A membrane cell for alkali-metal chloride electrolysis which comprises two half shells, one half shell being pressed from titanium sheet and the other from stainless steel or nickel sheet, is known (cf. Bergner and Hannesen, GDCH-Jahrestagung Angew. Elektrochemie, October 1984). The electrodes are each composed of a slatted metal sheet which is activated and welded into the half shell. At regular intervals, the electrodes are joined to the rear walls of the half shells by corrugated fasteners. The two half shells of a cell are separated from one another by a permeable membrane and seals.
The object was to find a process in which the chromosulfuric acid is regenerated in a sealed cell system and the hydrogen produced can be extracted.
It was found that the membrane cell developed for alkali-metal chloride electrolysis is also suitable in principle for the electrochemical regeneration of chromosulfuric acid.
The invention consequently relates to a process for electrochemically regenerating chromosulfuric acid by anodic oxidation of Cr3+ ions to Cr6+ ions, in which the anolyte contains 20 to 200 g/dm3 total CrO3 and 100 to 600 g/dm3 H2 SO4 and the catholyte contains 50 to 500 g/dm3 H2 SO4, which process comprises carrying out the regeneration in an electrolysis cell which comprises two tub-like metal half shells whose open sides face one another, a metal plate which is provided with holes or slots and which is joined to the anode tub by corrugated fasteners being present in the anode tub as anode, a metal sheet which is joined to the cathode tub by corrugated fasteners being present in the cathode tub as cathode, anode tub and cathode tub being separated from one another by a current-permeable, hydraulically sealing partition and seals and being held together by a clamping device, the temperature being 40° to 110°C and the current density 100 to 2500 A/m2.
The electrolysis cell to be used for the process according to the invention is explained with reference to FIGS. 1 to 4.
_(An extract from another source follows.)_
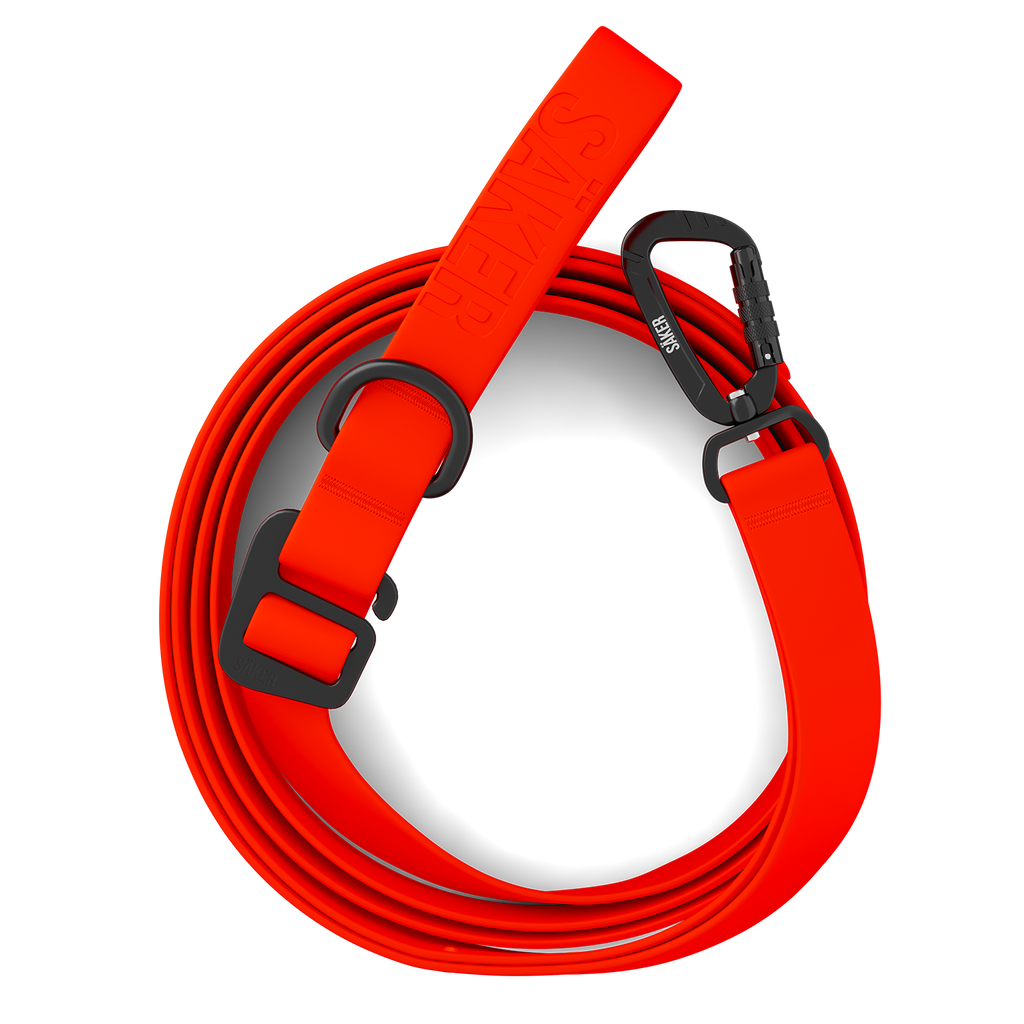 Waterproof Pet Leash product image 1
FIG. 1 shows a perspective overall view of an electrolysis cell,
FIG. 2 shows a section along the line II--II in FIGS. 1, 3 and 4,
FIG. 3 shows a section along the line III--III in FIGS. 1, 2 and 4 and
FIG. 4 shows a plan view in the direction of the arrow IV in FIGS. 1, 2 and 3.
According to FIG. 1, the cell comprises two tub-like metal half shells (1) and (2). The anode tub (1) contains a perforated or slotted plate (3) (perforated metal sheet, expanded metal or the like) which is joined to the anode tub (1) by means of corrugated fasteners (4). The plate (3) acts as anode. The cathode tub (2) contains a metal sheet (5) as cathode which is connected to the tub (2) by means of corrugated fasteners (6). The cathode is composed of a simple metal sheet, metal sheet strips, perforated metal sheet, expanded metal or slatted metal sheet, preferably of a slatted metal sheet.
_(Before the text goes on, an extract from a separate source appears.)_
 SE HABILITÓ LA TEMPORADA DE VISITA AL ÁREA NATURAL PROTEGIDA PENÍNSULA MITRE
Anode tub (1) and cathode tub (2) are separated from one another by a current-permeable, hydraulically sealing partition (7) and seals (8) and (9). They are held together to form a unit by two steel frames (10) and (11) which are screwed to each other in an insulated manner. The screws (16) are insulated by means of plastic bushes (17) and plastic washers (18). Located at the bottom of the anode tub (1) is an inlet pipe (12) for the anolyte and located on the cathode tub (2) is an inlet pipe (14) for the catholyte. Located at the top of the tubs (1) and (2) are the drainage pipes (13) and (15).
FIG. 2 shows, in addition, the position of the corrugated fasteners (4) and (6) and also the offset mounting of the inlet pipes (12) and (14).
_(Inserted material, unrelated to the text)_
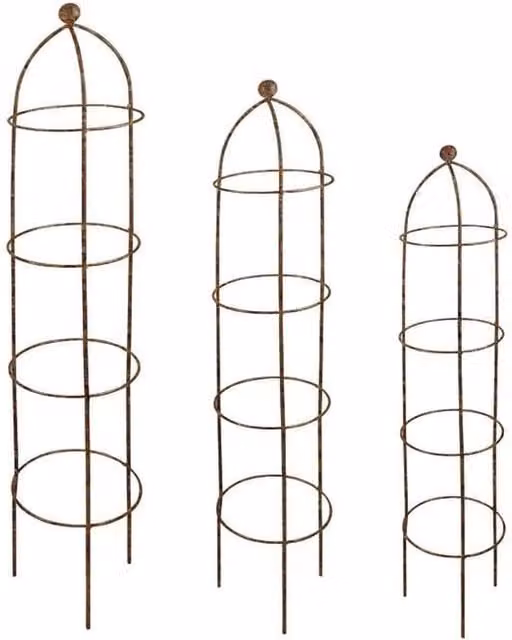 Garden Pride Rust Metal Growing Obelisk Support, W/D/H: 19 x 19 x 106 cm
From FIGS. 3 and 4 finally the encircling steel frame (11) can be seen.
The anode tub (1) and the corrugated fasteners (4) are composed of titanium, whereas the cathode tub (2) and the corrugated fasteners (6) are composed of nickel or a nickel alloy, for example ® Hastelloy.
It was found that the so-called "valve metals" titanium, tantalum, vanadium and zirconium used already in alkali-metal chloride electrolysis are also suitable as materials for the anode (3) under the corrosive conditions of chromic acid electrolysis. Under anodic current loading, these metals form a coherent oxide film on their surface which protects the basic material. If the surface of the anodes is not activated, the oxide layer formed prevents further current flow. For chromic acid electrolysis, only electron-conducting oxides which exhibit a high overvoltage with respect to oxygen, for example lead dioxide, manganese dioxide, tin dioxide, tantalum oxides or iridium oxides, are possible as suitable activation layers for these metals. One of the highest overvoltages for oxygen is exhibited by lead dioxide, which is preferred. Thus, the electrochemical reaction
Cr3+ +4H2 O-3e- →CrO42- +8H+
which proceeds anodically, yields current efficiencies of between 96% and 88% with current densities of 200 A/m2 to 2500 A/m2 at a titanium anode coated with PbO2.
Suitable materials for the cathode (5) are nickel and nickel alloys, for example Hastelloy. If sulfuric acid is used as catholyte, protons are discharged and hydrogen evolved, which leaves the cathode space as a gas, at the cathode in accordance with the reaction equation
3H+ +3e- →1.5H2
Nickel is only resistant to 10 to 35% sulfuric acid, however, if it is cathodically polarized. It is therefore necessary to prevent the nickel cathodes being exposed at zero current to the sulfuric acid.
At a current density of 100 A/m2, the hydrogen overvoltage at nickel is relatively low at a level of 0.42 V, and in comparison therewith it is fairly high at a level of 1.09 V at lead under the same conditions. This has the consequence that the use of nickel as cathode results in a correspondingly lower cell voltage.
Cation-active ion exchanger membranes made of perfluorinated polymers containing sulfonyl groups have proved very satisfactory as current-permeable, hydraulically sealing partition (7) between anode space and cathode space. They exhibit an excellent durability and selectivity in the electrolytes used up to temperatures of 110°C The use of such membranes makes it possible to collect the cathodically evolved hydrogen separately and supply it to a further utilization.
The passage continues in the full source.